Directions:
Restate exactly the lines that run from the start of the records below to the line containing "Utángyártott iKi Apple", counting both ends, and nothing else; pictures stay out.

[Provided records — start]

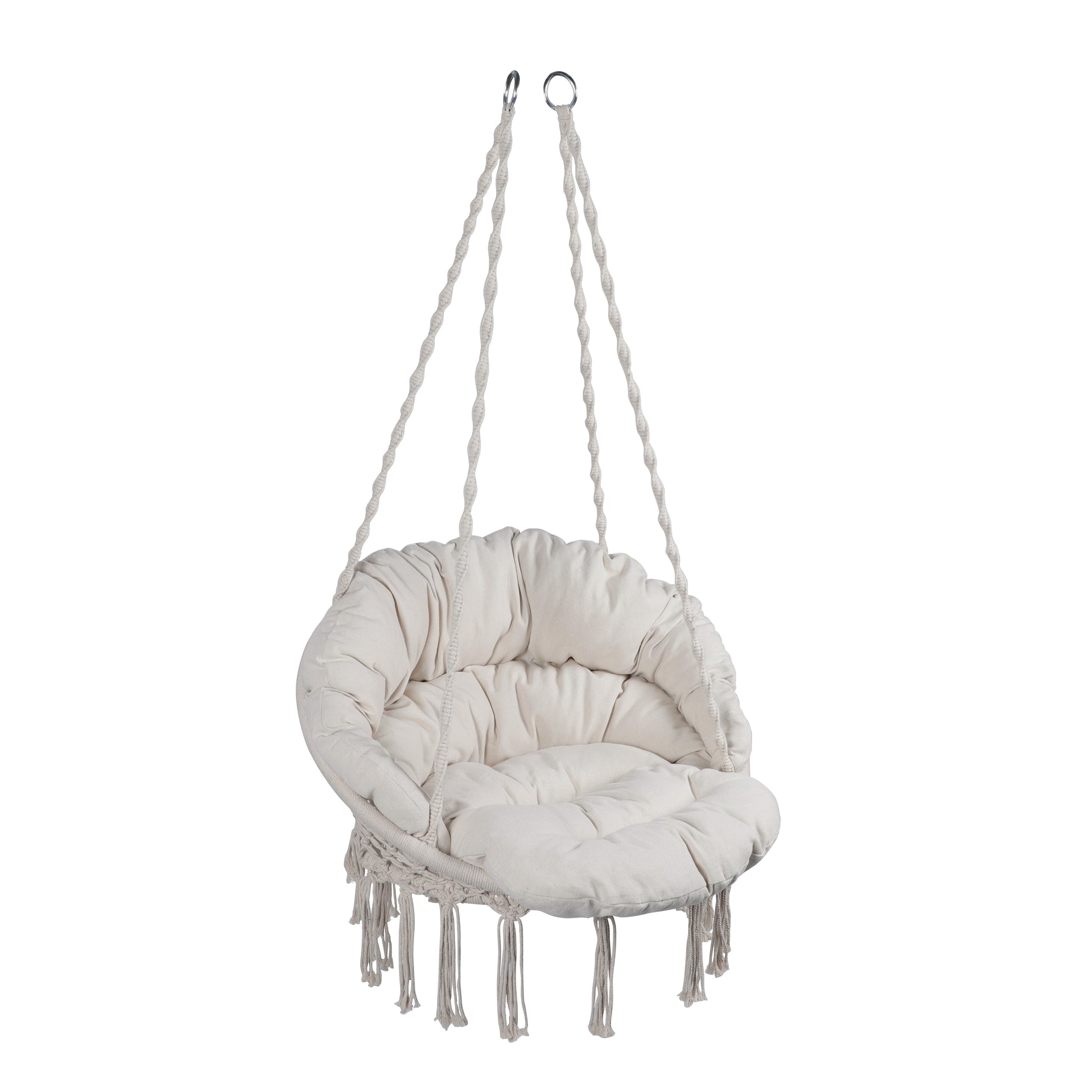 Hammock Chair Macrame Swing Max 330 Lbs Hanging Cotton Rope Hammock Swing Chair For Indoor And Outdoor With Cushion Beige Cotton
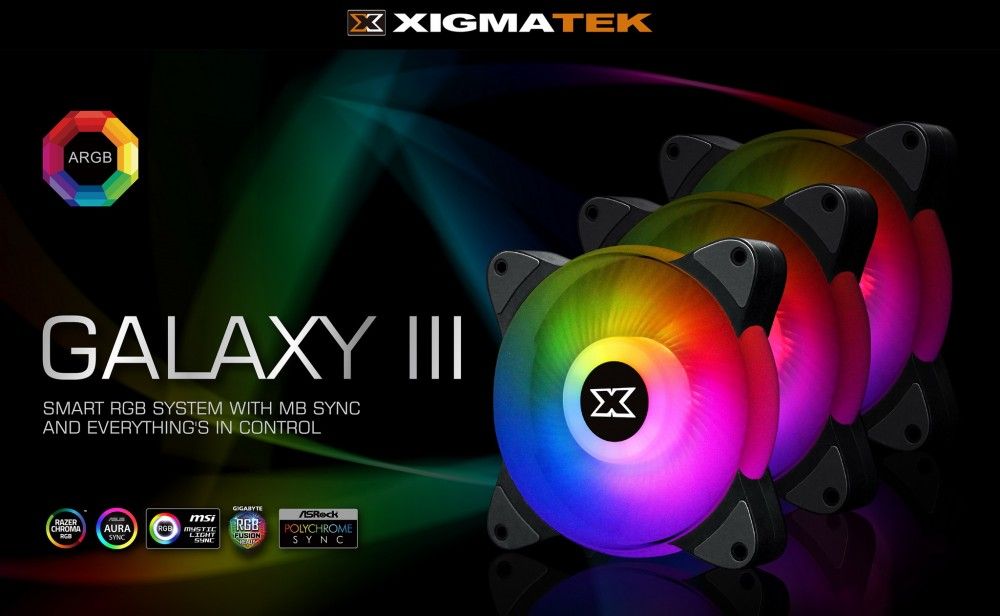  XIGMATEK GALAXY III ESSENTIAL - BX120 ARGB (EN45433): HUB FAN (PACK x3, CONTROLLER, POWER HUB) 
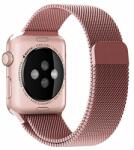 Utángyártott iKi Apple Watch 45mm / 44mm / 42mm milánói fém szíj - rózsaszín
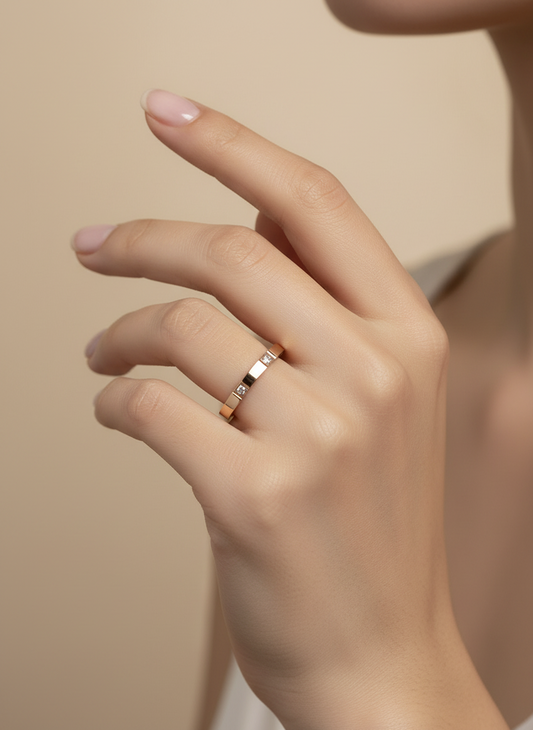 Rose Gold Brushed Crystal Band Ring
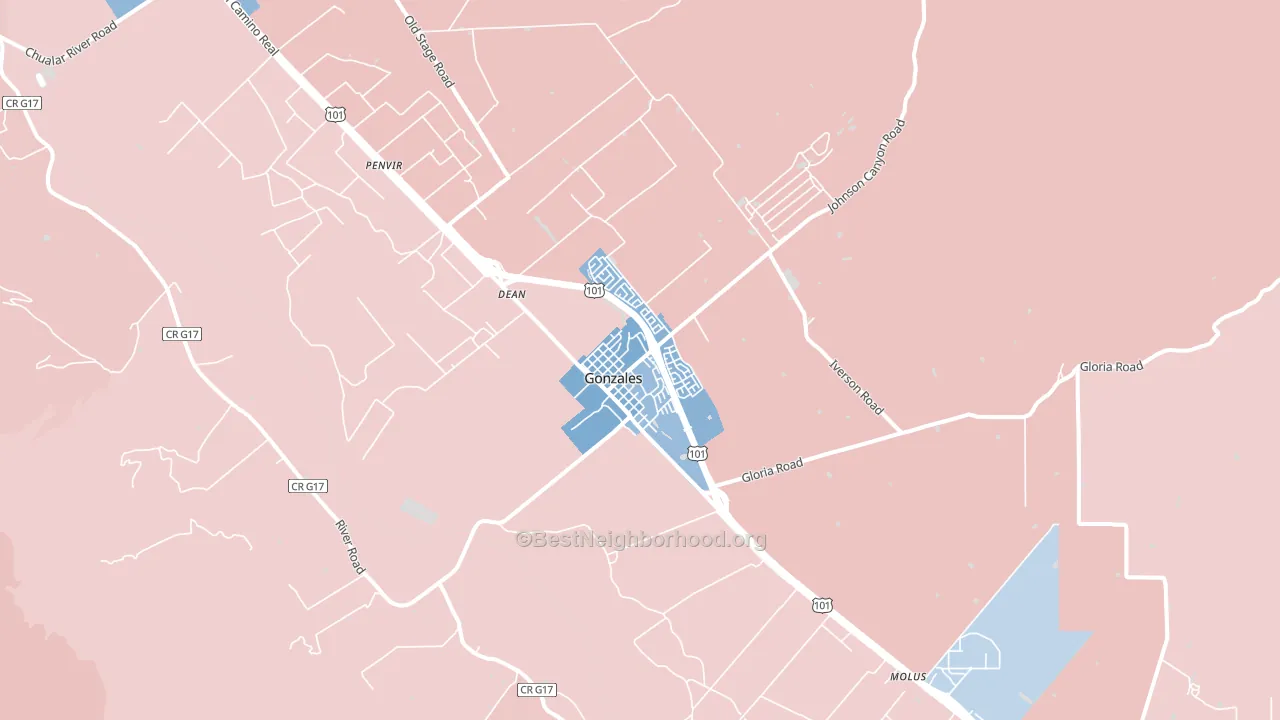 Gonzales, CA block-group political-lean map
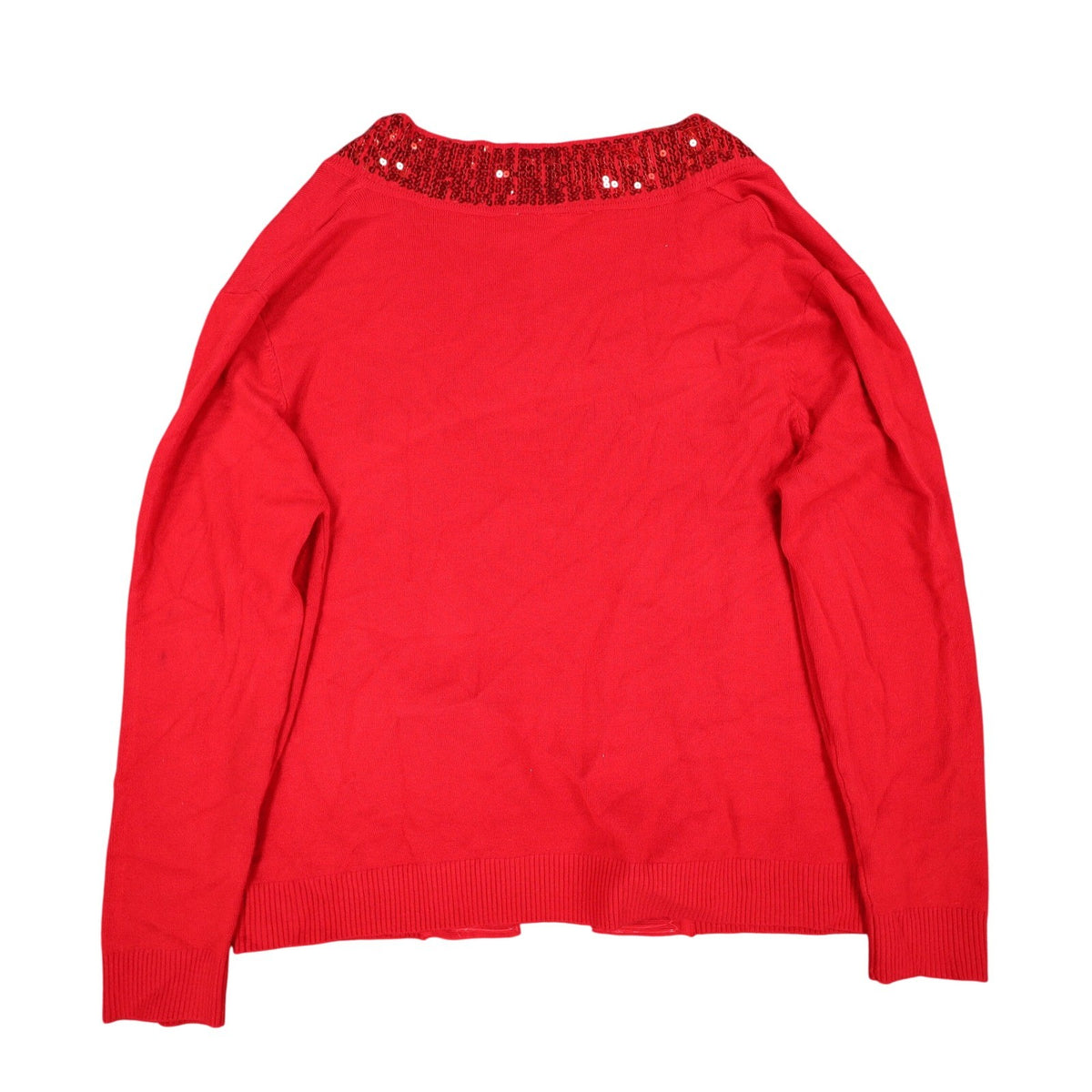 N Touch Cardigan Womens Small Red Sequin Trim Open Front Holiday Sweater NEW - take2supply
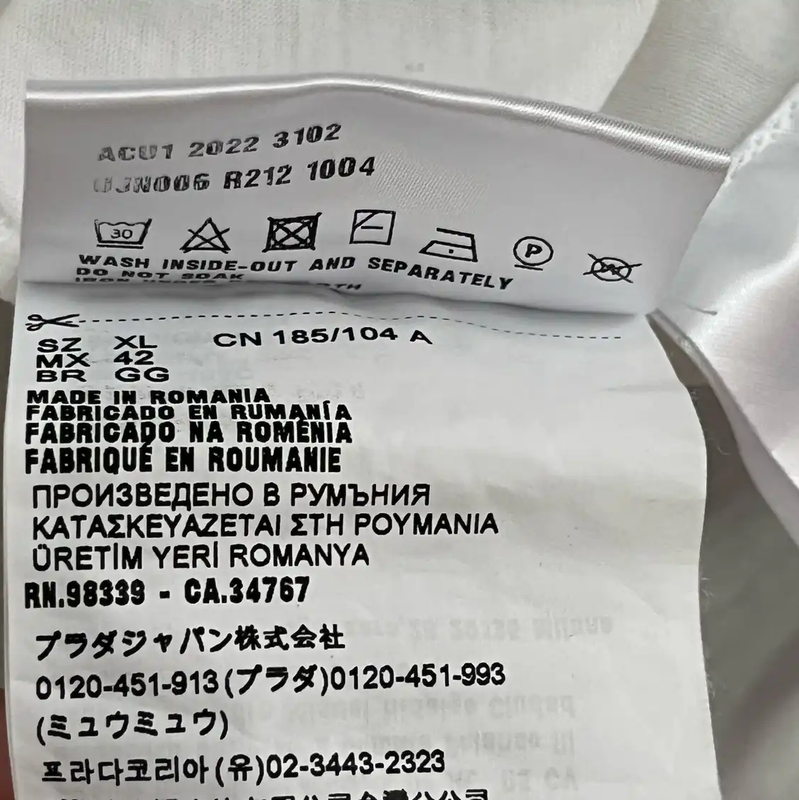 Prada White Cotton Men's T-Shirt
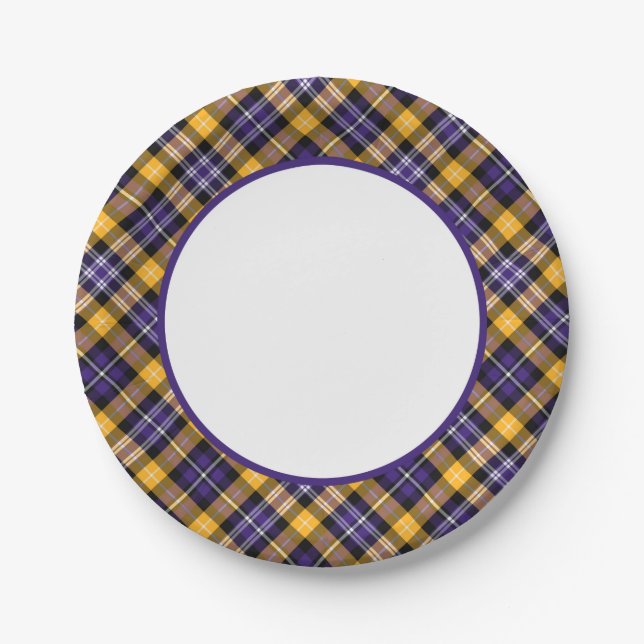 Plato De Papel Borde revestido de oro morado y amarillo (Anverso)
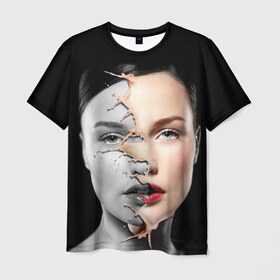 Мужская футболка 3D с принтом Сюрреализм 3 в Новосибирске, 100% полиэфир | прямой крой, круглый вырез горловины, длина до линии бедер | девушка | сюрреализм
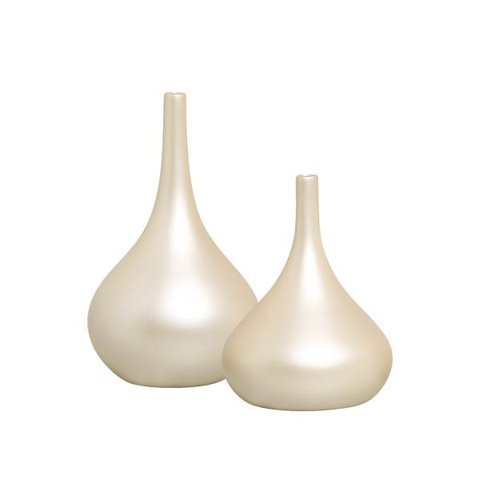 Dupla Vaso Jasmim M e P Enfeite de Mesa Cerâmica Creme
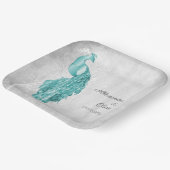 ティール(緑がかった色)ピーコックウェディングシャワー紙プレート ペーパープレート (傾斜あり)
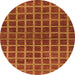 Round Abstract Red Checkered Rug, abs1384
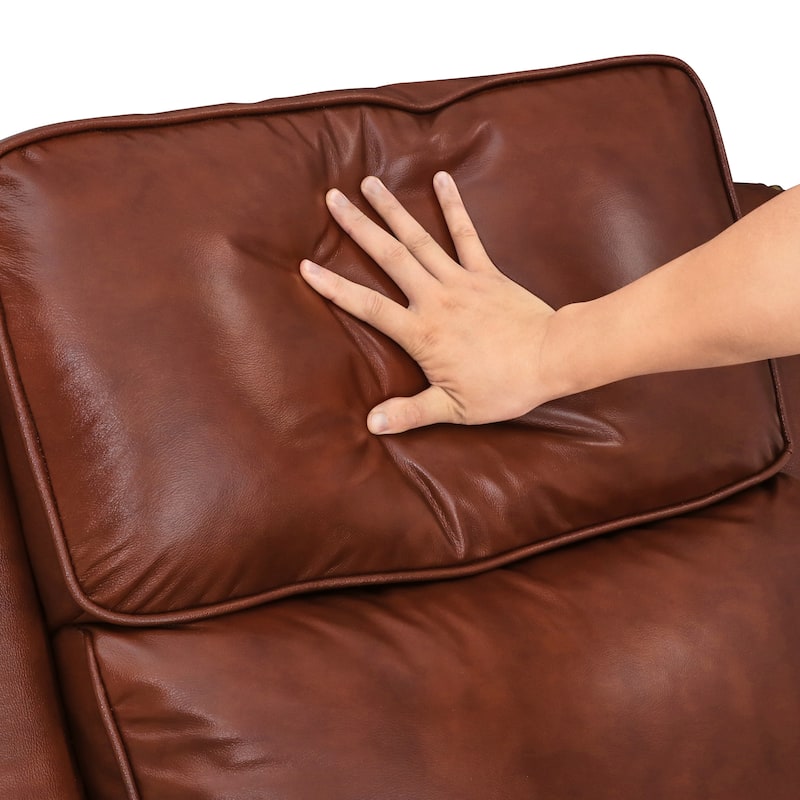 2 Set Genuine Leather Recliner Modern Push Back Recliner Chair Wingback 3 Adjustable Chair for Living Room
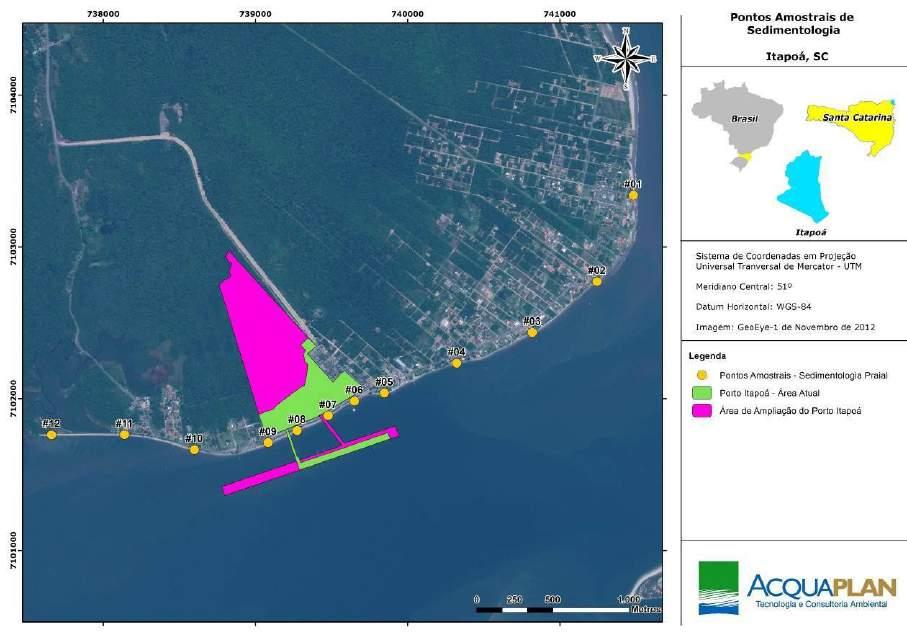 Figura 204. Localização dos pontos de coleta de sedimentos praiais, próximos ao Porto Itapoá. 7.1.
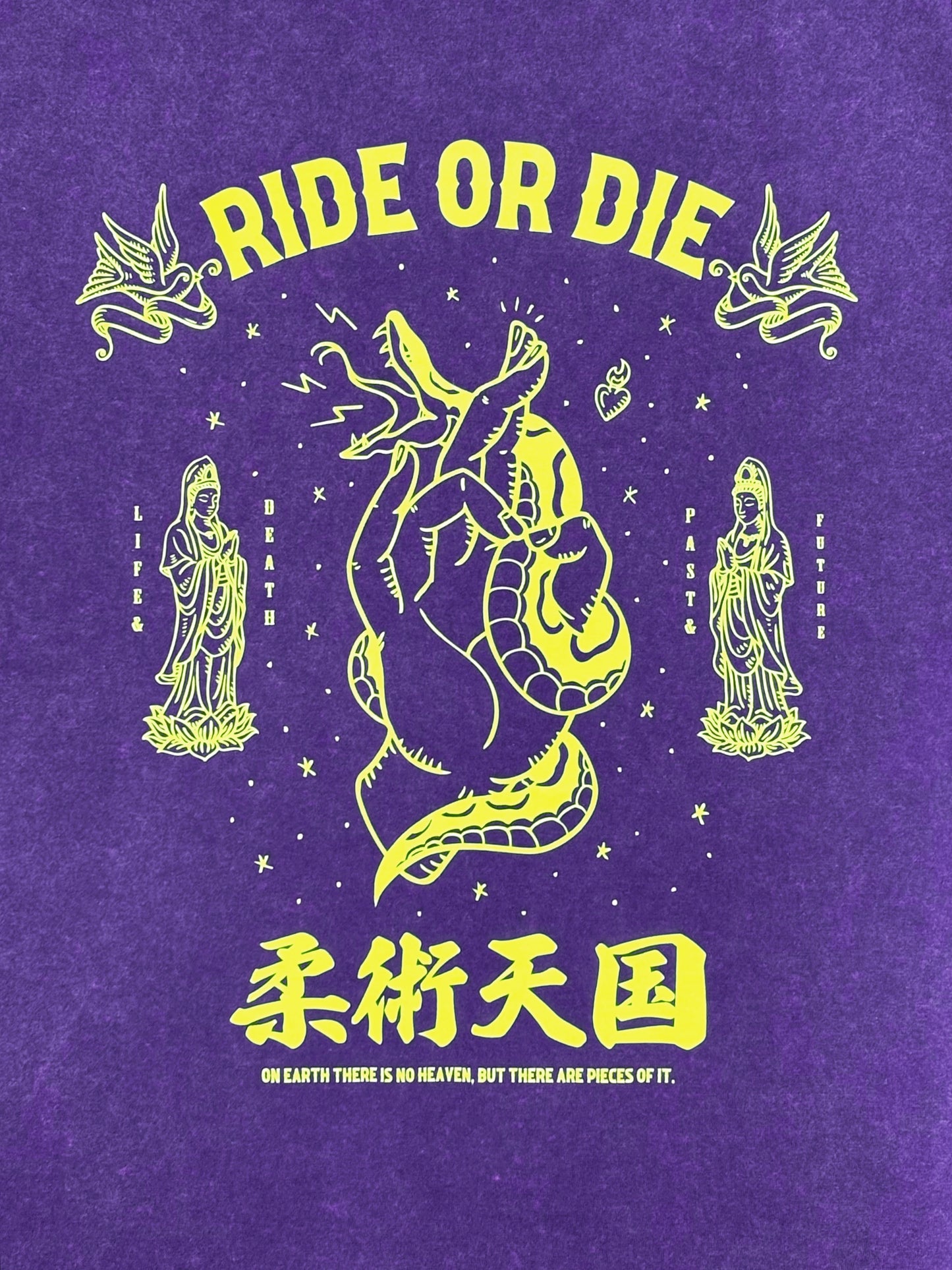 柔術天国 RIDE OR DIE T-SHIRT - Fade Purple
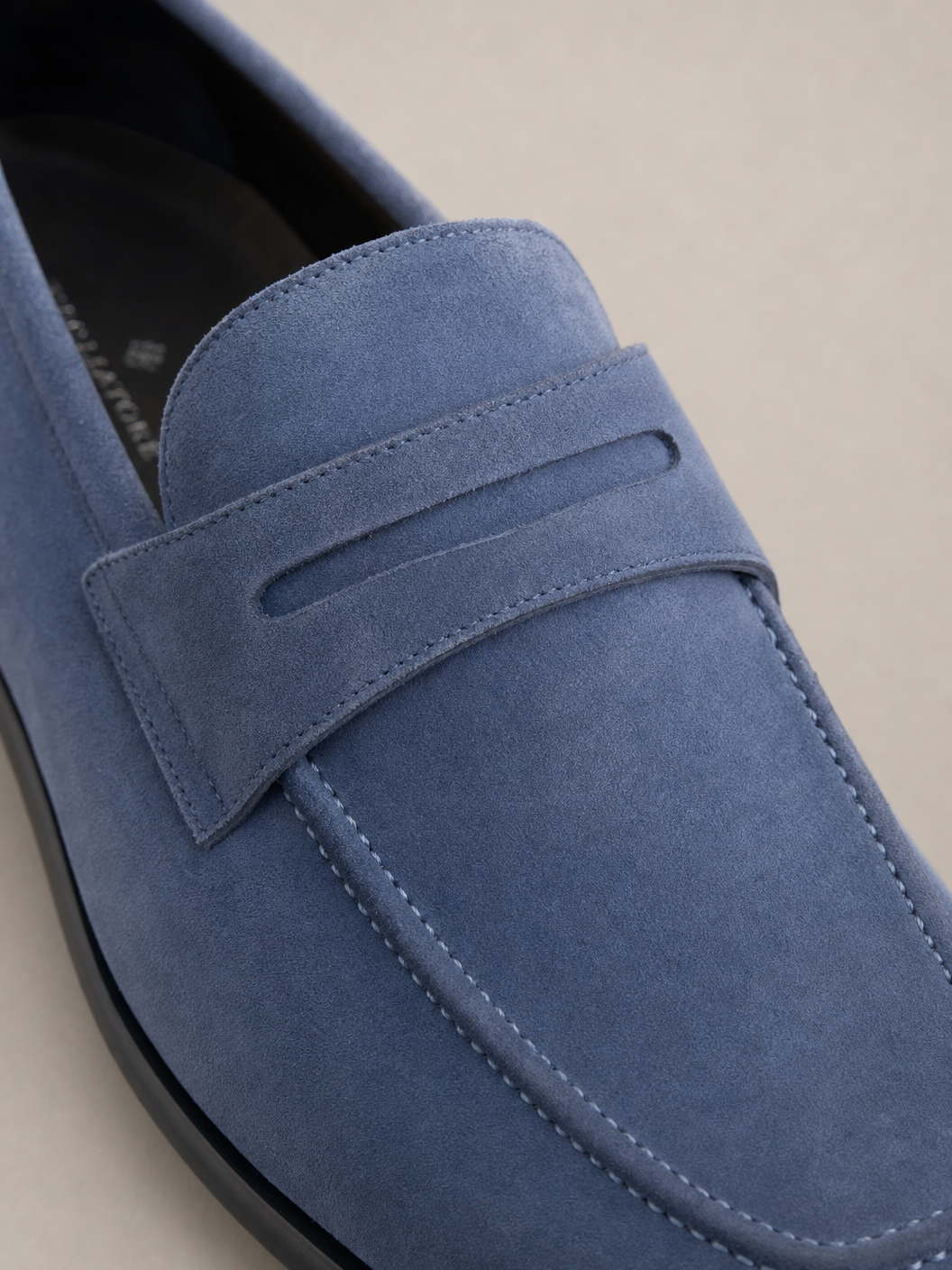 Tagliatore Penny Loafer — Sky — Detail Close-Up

[Provided records — finish]

Reply to the task:
 Hammock Chair Macrame Swing Max 330 Lbs Hanging Cotton Rope Hammock Swing Chair For Indoor And Outdoor With Cushion Beige Cotton
  XIGMATEK GALAXY III ESSENTIAL - BX120 ARGB (EN45433): HUB FAN (PACK x3, CONTROLLER, POWER HUB) 
 Utángyártott iKi Apple Watch 45mm / 44mm / 42mm milánói fém szíj - rózsaszín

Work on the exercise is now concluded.